De hele uitspraak staat op rechtspraak.nl
Law blog
Datum uitspraak: 17-11-2010
Datum publicatie: 02-12-2010
Rechtsgebied: Vreemdelingen
Soort procedure: Hoger beroep
Inhoudsindicatie: Bij de belangenafweging in het kader van het beroep op artikel 8 van het EVRM, als hiervoor onder 2.1.2. weergegeven, dient de staatssecretaris, voor zover thans van belang, de aard en ernst van het gepleegde strafbare feit te betrekken.
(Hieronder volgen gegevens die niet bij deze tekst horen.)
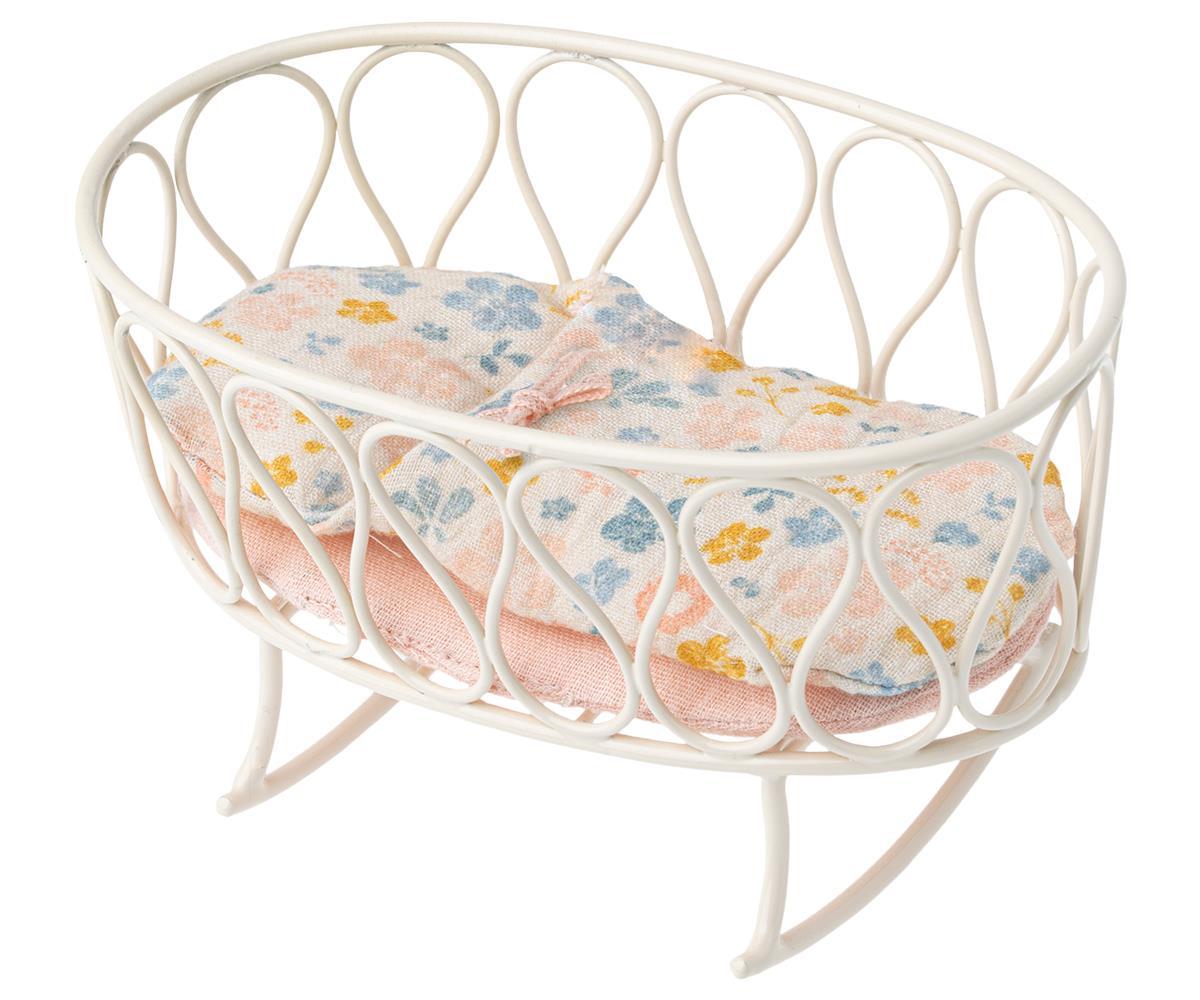 Maileg Cradle with Sleeping Bag - BouChic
Uit de jurisprudentie van het EHRM valt af te leiden dat in dat verband tevens de omstandigheden waaronder een strafbaar feit is gepleegd kunnen worden betrokken. Uit het besluit van 14 juli 2008 volgt dat de staatssecretaris geen aanleiding heeft gezien het gewicht dat toekomt aan de psychische gesteldheid van de vreemdeling ten tijde van het plegen van het misdrijf in het kader van de te verrichten belangenafweging bij het besluit omtrent opheffing van de ongewenstverklaring anders te beoordelen dan hij heeft gedaan bij de belangenafweging die heeft plaatsgevonden bij het besluit tot ongewenstverklaring van de vreemdeling. De minister heeft dan ook, anders dan de voorzieningenrechter heeft overwogen, bij het besluit van 14 juli 2008 niet volstaan met een enkele verwijzing naar de kwalificatie van het door de vreemdeling gepleegde misdrijf, doch de psychische gesteldheid waarin de vreemdeling destijds verkeerde ook betrokken bij de belangenafweging in het kader van de vraag of afwijzing van het verzoek om opheffing van de ongewenstverklaring tot een ongerechtvaardigde inmenging in het recht op eerbiediging van het gezinsleven, bedoeld in artikel 8 van het EVRM, zal leiden.